Task details — Report every line of the records below that contains the word "Mens".

Supplied material —

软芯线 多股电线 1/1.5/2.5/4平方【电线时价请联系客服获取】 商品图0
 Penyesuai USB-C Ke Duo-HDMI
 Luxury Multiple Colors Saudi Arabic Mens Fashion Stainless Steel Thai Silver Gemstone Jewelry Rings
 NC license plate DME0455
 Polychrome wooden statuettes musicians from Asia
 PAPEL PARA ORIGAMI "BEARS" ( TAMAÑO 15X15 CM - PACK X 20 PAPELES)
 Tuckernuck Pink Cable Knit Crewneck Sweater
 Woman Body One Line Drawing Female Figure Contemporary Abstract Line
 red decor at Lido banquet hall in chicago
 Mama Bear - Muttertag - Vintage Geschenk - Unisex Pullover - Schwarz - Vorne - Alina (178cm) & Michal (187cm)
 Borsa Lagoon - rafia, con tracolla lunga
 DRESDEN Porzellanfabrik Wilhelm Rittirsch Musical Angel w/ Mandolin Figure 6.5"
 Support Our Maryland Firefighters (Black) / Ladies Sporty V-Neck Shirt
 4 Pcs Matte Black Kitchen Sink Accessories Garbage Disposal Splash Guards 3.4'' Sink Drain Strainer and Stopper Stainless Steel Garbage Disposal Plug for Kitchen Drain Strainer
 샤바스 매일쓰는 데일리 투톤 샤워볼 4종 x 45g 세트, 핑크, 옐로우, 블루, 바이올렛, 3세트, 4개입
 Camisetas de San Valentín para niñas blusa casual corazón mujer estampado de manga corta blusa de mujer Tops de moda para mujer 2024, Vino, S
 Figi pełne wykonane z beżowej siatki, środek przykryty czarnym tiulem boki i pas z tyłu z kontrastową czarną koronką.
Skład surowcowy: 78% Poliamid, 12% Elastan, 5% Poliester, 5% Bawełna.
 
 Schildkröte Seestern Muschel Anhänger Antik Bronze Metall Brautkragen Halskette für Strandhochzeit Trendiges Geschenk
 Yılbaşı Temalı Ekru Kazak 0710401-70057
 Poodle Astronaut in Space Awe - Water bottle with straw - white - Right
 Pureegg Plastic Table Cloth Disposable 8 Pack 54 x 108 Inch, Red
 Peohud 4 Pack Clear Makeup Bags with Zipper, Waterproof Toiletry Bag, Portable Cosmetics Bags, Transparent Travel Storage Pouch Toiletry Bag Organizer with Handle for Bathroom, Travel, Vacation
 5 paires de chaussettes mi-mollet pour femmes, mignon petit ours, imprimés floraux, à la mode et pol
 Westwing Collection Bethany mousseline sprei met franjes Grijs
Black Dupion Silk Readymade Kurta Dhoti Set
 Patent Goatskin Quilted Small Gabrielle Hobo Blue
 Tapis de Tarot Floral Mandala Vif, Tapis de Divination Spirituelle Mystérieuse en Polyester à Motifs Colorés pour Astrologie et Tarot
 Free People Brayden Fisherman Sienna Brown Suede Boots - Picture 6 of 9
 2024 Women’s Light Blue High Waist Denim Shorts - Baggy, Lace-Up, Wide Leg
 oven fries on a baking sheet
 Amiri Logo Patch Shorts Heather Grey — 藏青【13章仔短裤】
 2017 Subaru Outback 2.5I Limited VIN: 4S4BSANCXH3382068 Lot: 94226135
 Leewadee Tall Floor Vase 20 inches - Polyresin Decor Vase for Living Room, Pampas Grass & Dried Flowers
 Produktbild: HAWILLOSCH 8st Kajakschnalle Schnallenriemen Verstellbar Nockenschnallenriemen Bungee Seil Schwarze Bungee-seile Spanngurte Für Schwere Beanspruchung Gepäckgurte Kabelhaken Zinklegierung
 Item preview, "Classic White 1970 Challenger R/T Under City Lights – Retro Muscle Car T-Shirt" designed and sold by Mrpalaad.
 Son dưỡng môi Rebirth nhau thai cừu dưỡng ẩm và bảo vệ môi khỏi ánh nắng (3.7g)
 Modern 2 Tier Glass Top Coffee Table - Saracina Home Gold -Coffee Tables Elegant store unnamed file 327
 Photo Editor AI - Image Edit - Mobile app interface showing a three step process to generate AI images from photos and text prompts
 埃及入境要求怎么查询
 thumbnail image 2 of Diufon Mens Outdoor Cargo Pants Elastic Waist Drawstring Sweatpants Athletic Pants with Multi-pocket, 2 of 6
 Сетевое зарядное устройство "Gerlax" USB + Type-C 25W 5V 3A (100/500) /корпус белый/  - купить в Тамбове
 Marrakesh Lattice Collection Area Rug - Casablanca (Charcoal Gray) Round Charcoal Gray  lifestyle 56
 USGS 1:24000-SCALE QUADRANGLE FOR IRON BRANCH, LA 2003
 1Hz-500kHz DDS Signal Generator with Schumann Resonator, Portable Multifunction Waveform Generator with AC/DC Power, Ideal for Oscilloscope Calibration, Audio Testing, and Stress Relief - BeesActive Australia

Task answer —
 Luxury Multiple Colors Saudi Arabic Mens Fashion Stainless Steel Thai Silver Gemstone Jewelry Rings
 thumbnail image 2 of Diufon Mens Outdoor Cargo Pants Elastic Waist Drawstring Sweatpants Athletic Pants with Multi-pocket, 2 of 6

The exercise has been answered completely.